Обсуждение: post-recovery amcheck expectations

Поиск
Список
Период
Сортировка

post-recovery amcheck expectations

От
Noah Misch
Дата:
Suppose we start with this nbtree (subset of a diagram from verify_nbtree.c):

 *               1
 *           /       \
 *        2     <->     3

We're deleting 2, the leftmost leaf under a leftmost internal page.  After the
MARK_PAGE_HALFDEAD record, the first downlink from 1 will lead to 3, which
still has a btpo_prev pointing to 2.  bt_index_parent_check() complains here:

        /* The first page we visit at the level should be leftmost */
        if (first && !BlockNumberIsValid(state->prevrightlink) && !P_LEFTMOST(opaque))
            ereport(ERROR,
                    (errcode(ERRCODE_INDEX_CORRUPTED),
                     errmsg("the first child of leftmost target page is not leftmost of its level in index \"%s\"",
                            RelationGetRelationName(state->rel)),
                     errdetail_internal("Target block=%u child block=%u target page lsn=%X/%X.",
                                        state->targetblock, blkno,
                                        LSN_FORMAT_ARGS(state->targetlsn))));

One can encounter this if recovery ends between a MARK_PAGE_HALFDEAD record
and its corresponding UNLINK_PAGE record.  See the attached test case.  The
index is actually fine in such a state, right?  I lean toward fixing this by
having amcheck scan left; if left links reach only half-dead or deleted pages,
that's as good as the present child block being P_LEFTMOST.  There's a
different error from bt_index_check(), and I've not yet studied how to fix
that:

  ERROR:  left link/right link pair in index "not_leftmost_pk" not in agreement
  DETAIL:  Block=0 left block=0 left link from block=4294967295.

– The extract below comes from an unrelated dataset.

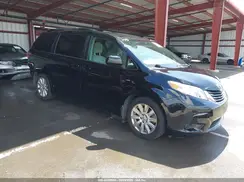 5TDJZ3DCXHS149363 2017 TOYOTA SIENNA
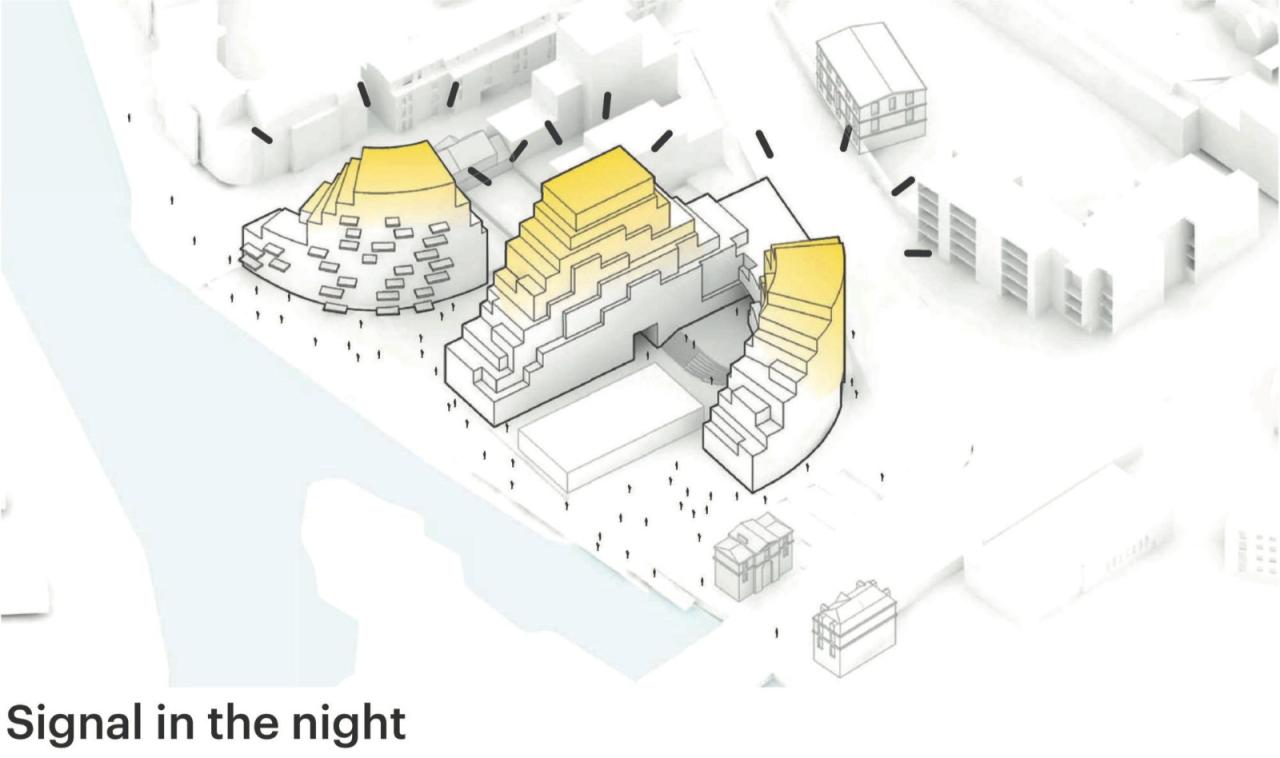 BIM建筑|景观住宅综合体 Ascension / MVRDV BIM建筑|景观住宅综合体 Ascension / MVRDV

Alternatively, one could view this as a need for the user to VACUUM between
recovery and amcheck.  The documentation could direct users to "VACUUM
(DISABLE_PAGE_SKIPPING off, INDEX_CLEANUP on, TRUNCATE off)" if not done since
last recovery.  Does anyone prefer that or some other alternative?

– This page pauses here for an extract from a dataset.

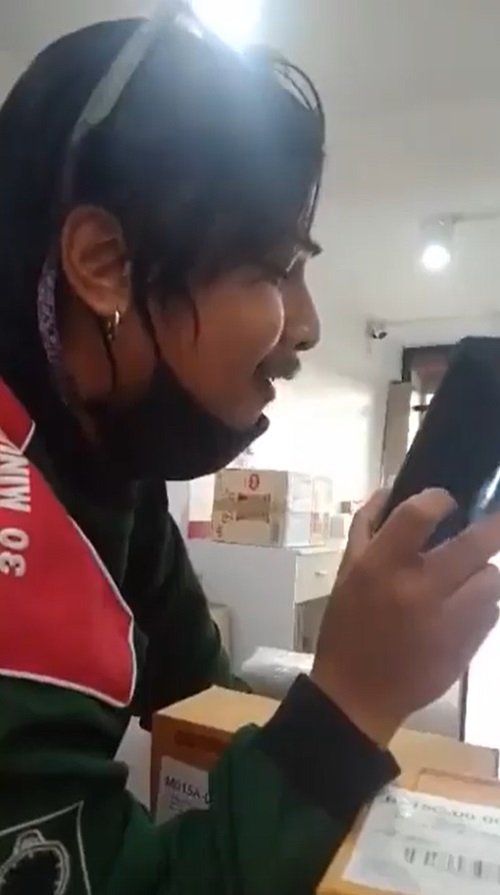 แก๊งคอลเซ็นเตอร์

For some other amcheck expectations, the comments suggest reliance on the
bt_index_parent_check() ShareLock.  I haven't tried to make test cases for
them, but perhaps recovery can trick them the same way.  Examples:

  errmsg("downlink or sibling link points to deleted block in index \"%s\"",
  errmsg("block %u is not leftmost in index \"%s\"",
  errmsg("block %u is not true root in index \"%s\"",

Thanks,
nm

Вложения

Re: post-recovery amcheck expectations

От
Peter Geoghegan
Дата:
On Wed, Oct 4, 2023 at 7:52 PM Noah Misch <noah@leadboat.com> wrote:
> Suppose we start with this nbtree (subset of a diagram from verify_nbtree.c):
>
>  *               1
>  *           /       \
>  *        2     <->     3
>
> We're deleting 2, the leftmost leaf under a leftmost internal page.  After the
> MARK_PAGE_HALFDEAD record, the first downlink from 1 will lead to 3, which
> still has a btpo_prev pointing to 2.  bt_index_parent_check() complains here:

Thanks for working on this. Your analysis seems sound to me.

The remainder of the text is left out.